Notons également dans cette section l’étude de Dominique Lapparent sur « La semaine de cinq jours » ses effets sur la vie quotidienne et culturelle des Soviétiques. On y relèvera bien des similitudes avec les problèmes que posent le même phénomène aux sociétés démocratiques occidentales mais aussi les nombreuses contradictions de la société soviétique.
Ce sont également les contradictions et les ambiguïtés du système juridique soviétique que révèle l’étude de Pierre Lavigne sur « La spécificité organique et fonctionnelle de l’arbitrage d’État », ambiguïtés difficilement compréhensibles pour un juriste formé dans un système autre que le système socialiste.
Chantai Kourilsky consacre un article à « la loi de 1968 et l’évolution du Droit soviétique de la famille » d’où il ressort qu’après les excès du libéralisme des années 1930 et le brusque coup d’arrêt donné à la fin de la Seconde Guerre mondiale, le législateur de 1968 semble avoir trouvé les conditions nécessaires pour favoriser à la fois « la formation du sens des responsabilités envers la famille » et « la protection des intérêts de la mère et de l’enfant ».
Il ne faut pas manquer la lecture de l’étude de Tikhodoumoff sur « la réforme du service militaire ». Là encore on constatera que les problèmes du service militaire et de l’appel du contingent présentent des aspects semblables pour les puissances nucléaires quelles que soient leurs tailles, mais que l’égalité des sujets devant la loi est loin d’être réalisée en URSS : les jeunes gens provenant des établissements de l’enseignement supérieur font un an de service ou bien, après avoir suivi avec succès les cours militaires spéciaux organisés dans les universités, ils sont nommés directement sous-lieutenants, exemptés du service militaire actif et versés dans la réserve.

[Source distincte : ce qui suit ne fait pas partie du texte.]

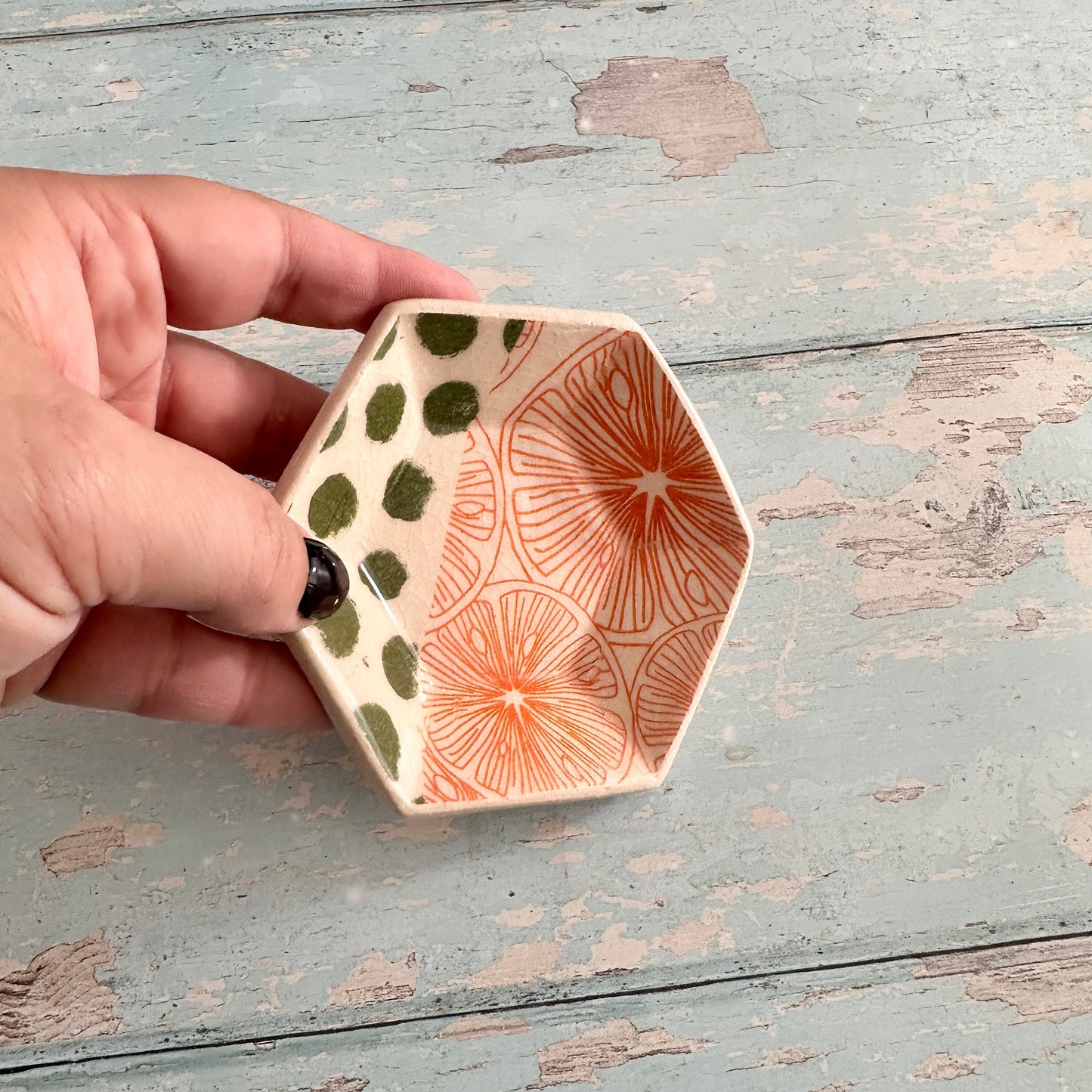 Orange and Green Jewellery Dish, Handmade Hexagon Ceramic Pot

Il faudrait pouvoir citer tous les titres de la très importante partie consacrée à la vie économique, car ils sont de grande valeur. Retenons les plus significatifs à défaut de pouvoir les mentionner tous. Il s’agit d’abord de l’article de Monique Meyer sur « La réforme économique et l’entreprise industrielle ». L’auteur constate les progrès de la croissance dus à cette réforme, mais les obstacles auxquels elle se heurte appellent une prise de position sur le rôle et le domaine impartis aux liaisons marchandes en économie socialiste. Signalons ensuite d’une part l’étude de Marie Lavigne sur « Les aspects de l’impôt sur le capital en URSS » et les résumés d’autre part, qu’elle présente de trois articles d’auteurs soviétiques sur « La formation des cadres supérieurs de l’économie ». Hélène Mescheriakoff présente une analyse très documentée des « Problèmes de l’emploi en URSS » tandis que, dans un article sur « Le système et les problèmes de la distribution des produits intermédiaires en URSS », Zénaïde Frank-Ossipov, après un rappel historique montrant l’assouplissement progressif des formes de distribution, met en évidence les problèmes et les tendances qui se dessinent.
La partie relative aux « Relations internationales de l’URSS » est l’œuvre collective des chercheurs du Centre. S’agissant de l’année 1968 on se doute que l’essentiel en est constitué par l’étude du drame tchécoslovaque mais le conflit sino-soviétique est aussi largement traité ainsi que les relations avec l’Asie du Sud et du Sud-Est et les implications de plus en plus fortes de l’URSS au Moyen-Orient ; de même un développement important est consacré aux relations avec la France. Cette partie se termine sur une étude remarquable de Zygmunt Jedryka sur « Les relations soviéto-japonaises depuis la deuxième guerre mondiale » : l’auteur ne cache pas ses craintes à l’égard d’un Japon appelé à être, du fait de sa position stratégique et économique, le fournisseur d’une Chine dont les intentions à l’égard de l’URSS sont loin d’être pacifiques.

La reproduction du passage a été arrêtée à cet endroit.